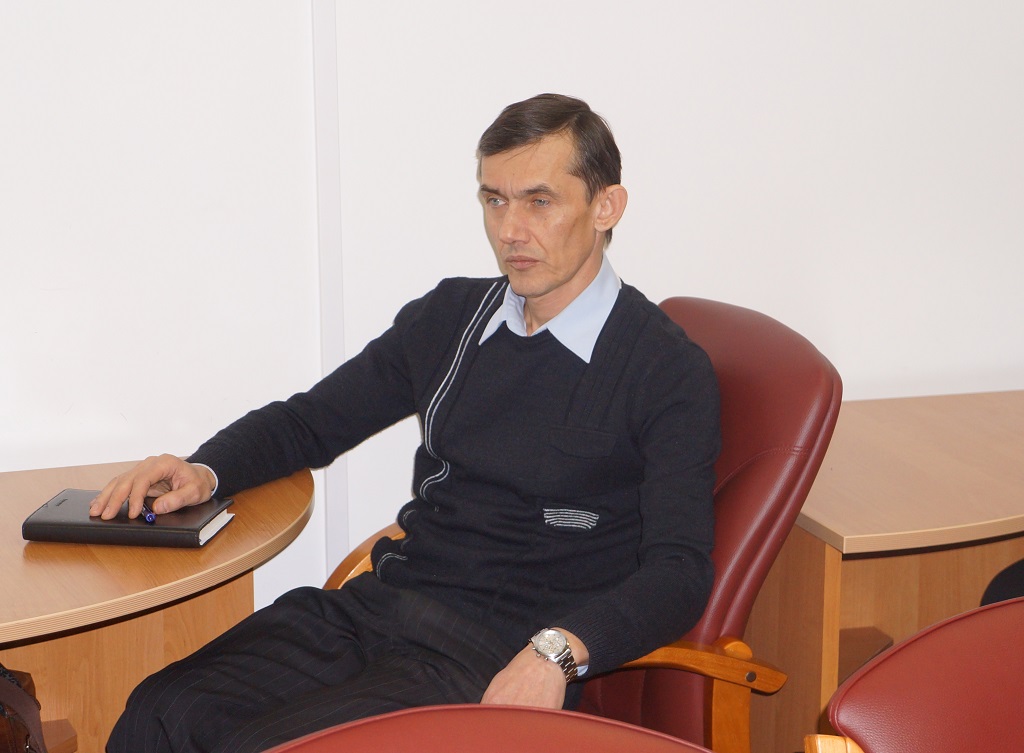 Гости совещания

*-*-*

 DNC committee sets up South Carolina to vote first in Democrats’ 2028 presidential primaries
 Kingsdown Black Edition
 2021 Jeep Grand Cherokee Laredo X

*-*-*

A word-for-word copy of the lines above from the one with "Kingsdown Black Edition" through the one with "2021 Jeep Grand Cherokee Laredo X", inclusive, is the only output wanted.

 Kingsdown Black Edition
 2021 Jeep Grand Cherokee Laredo X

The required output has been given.